That's not weird, since you're not used to such signs. However, once you understand its meaning, you can drive in several dozen countries which have maybe over 60 languages and still understand the signs. That's the whole concept. Such a thing doesn't work in the United States, which is almost as large as a continent, with fewer foreign vehicles with drivers that do not understand English and a large amount of the population who will never go to a country with another language in their entire life.


----------



## Glodenox (Mar 26, 2007)

In Belgium, the Yellow Diamond Priority signs are used very often on all priority roads. If nothing is signed (though very often the sign below, meaning "intersection" is then used), it's the usual priority from the right.

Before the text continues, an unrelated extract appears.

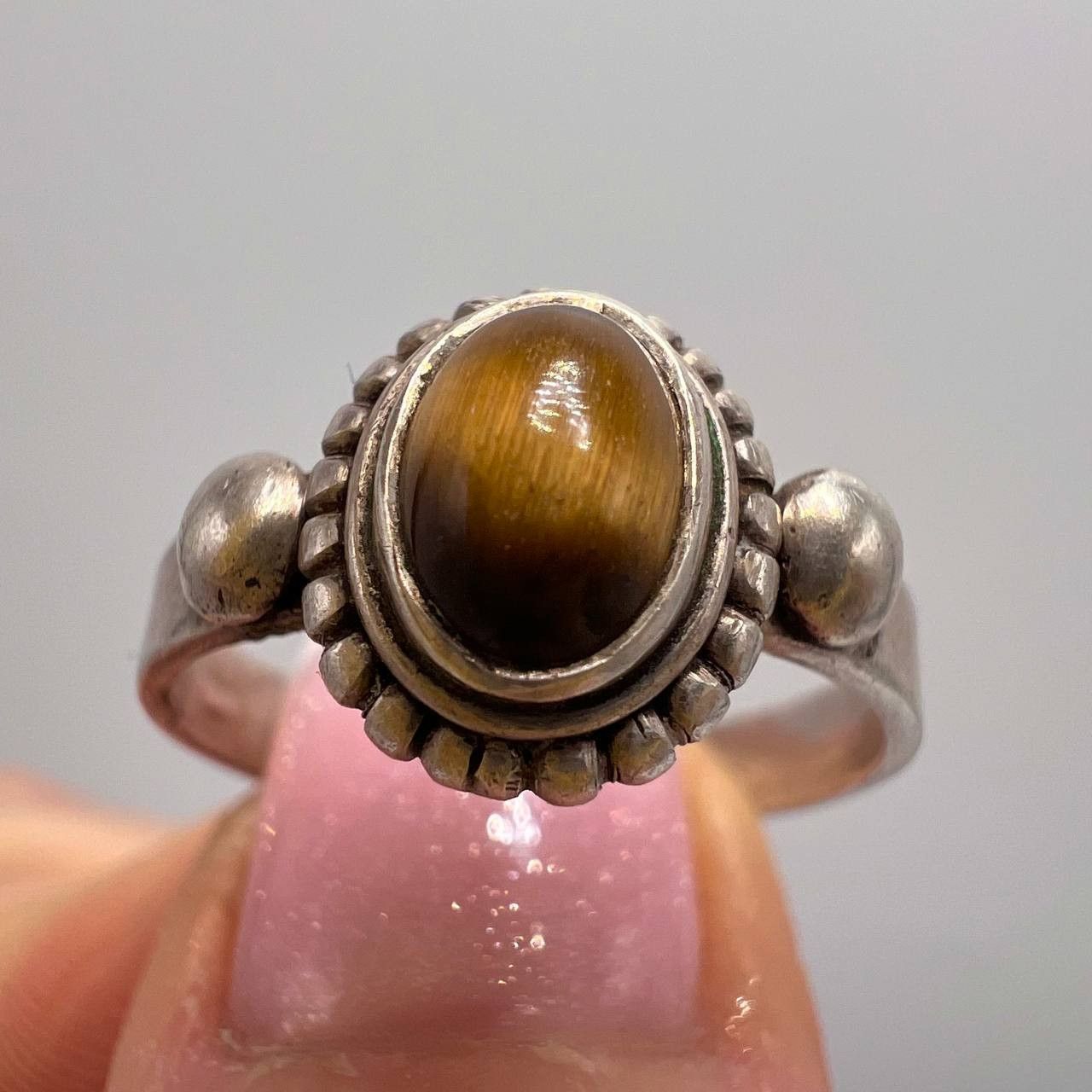 Vintage Sterling Silver 925 Ring Tiger's Eye Stone Size 8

Very often the Diamond Priority sign gets accompanied or replaced with this sign that shows to drivers on the priority roads that there is an intersection ahead in which they have priority:









There are many variations of this sign, all meant to make clearer to the driver in which way that road connects to the priority road.

I feel that this sign is a lot clearer than the Yellow Diamond sign because it could also be understood by people who don't know our signs too well.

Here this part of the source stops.